Salgo de guardia… 24h sin parar, en una locura de espacios multiplicados, donde antes cabían 30 pacientes ahora hay cerca de 150. Salas de espera convertidas en hileras de sillones, en un bosque de palos de suero y arterias que caen del techo llevando a cada dos sillones el oxígeno multiplicado que viene de las áreas de quirófano. Y entre los arboles, ese ejército de elfos con mascarillas, gorros verdes y guantes que también se multiplican para llegar a todos. Y el ruido, y los olores, y las lágrimas contenidas, y las miradas que salen de dentro llegando donde las palabras no pueden. Porque no hay palabras.
Y llego al centro comercial, porque entre turnos y guardias mi nevera tirita, como mi alma. Y encuentro una ciudad desierta, de calles con el cierre echado y escaparates donde grandes carteles prometen la mejor manera de decirle a tu padre que le quieres, en ese que hemos acordado que sea su día. Y en realidad ese día pasó hace más de una semana. Y de repente me encuentro sumergida en aquellos relatos que atormentaban mis noches adolescentes, en los que aparecían barcos que salían del triangulo de las bermudas con la mesa puesta y el almuerzo a medias. Como si algo hubiera hecho desaparecer a sus comensales sin darles tiempo ni siquiera a enterarse. Y así me encuentro, como si algo nos hubiera sacado de nuestra vida sin darnos casi ni cuenta. Chupando un palo sentada en una calabaza como dijera hace años Serrat.
Y la adrenalina de las ultimas horas se agota de golpe en mi cuerpo.

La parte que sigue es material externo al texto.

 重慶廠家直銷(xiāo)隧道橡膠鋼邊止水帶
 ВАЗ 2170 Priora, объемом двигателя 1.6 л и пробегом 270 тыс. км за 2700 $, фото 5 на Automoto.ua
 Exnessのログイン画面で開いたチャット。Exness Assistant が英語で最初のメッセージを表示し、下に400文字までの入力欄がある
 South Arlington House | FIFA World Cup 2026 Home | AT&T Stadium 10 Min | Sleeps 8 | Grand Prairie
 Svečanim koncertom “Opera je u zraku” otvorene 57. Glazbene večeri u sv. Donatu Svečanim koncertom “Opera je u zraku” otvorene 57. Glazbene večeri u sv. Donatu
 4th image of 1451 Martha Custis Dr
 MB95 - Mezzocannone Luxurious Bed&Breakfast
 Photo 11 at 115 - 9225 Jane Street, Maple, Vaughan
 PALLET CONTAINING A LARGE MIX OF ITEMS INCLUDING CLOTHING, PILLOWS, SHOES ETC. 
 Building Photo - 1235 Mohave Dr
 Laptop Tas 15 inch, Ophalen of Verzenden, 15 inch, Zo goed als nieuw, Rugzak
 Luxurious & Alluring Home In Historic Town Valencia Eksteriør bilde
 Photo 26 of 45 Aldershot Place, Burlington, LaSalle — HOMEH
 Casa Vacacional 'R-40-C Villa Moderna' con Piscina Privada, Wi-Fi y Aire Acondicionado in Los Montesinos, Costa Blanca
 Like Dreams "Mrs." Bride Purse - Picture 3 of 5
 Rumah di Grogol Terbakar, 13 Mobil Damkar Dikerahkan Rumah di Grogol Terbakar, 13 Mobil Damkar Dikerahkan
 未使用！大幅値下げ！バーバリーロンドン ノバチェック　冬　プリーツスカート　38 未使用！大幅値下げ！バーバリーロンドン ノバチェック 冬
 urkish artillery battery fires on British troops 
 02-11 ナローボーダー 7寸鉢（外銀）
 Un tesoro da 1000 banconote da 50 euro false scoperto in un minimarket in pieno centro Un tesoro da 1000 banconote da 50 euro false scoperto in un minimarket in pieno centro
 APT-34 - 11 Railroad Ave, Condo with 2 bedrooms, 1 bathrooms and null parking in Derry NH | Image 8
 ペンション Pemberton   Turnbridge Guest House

Y de repente las piernas no responden, los brazos me pesan, los párpados quieren cerrarse para poder volver a despertar sacudiéndome entre las sábanas esta pesadilla. Y me acuerdo de que en realidad no necesito nada, me doy la vuelta despidiéndome con la mirada de los ojos que asoman por encima de la mascarilla de la cajera que me espera. No necesito nada… solo un abrazo de mis hijos que me devuelva quién soy en realidad.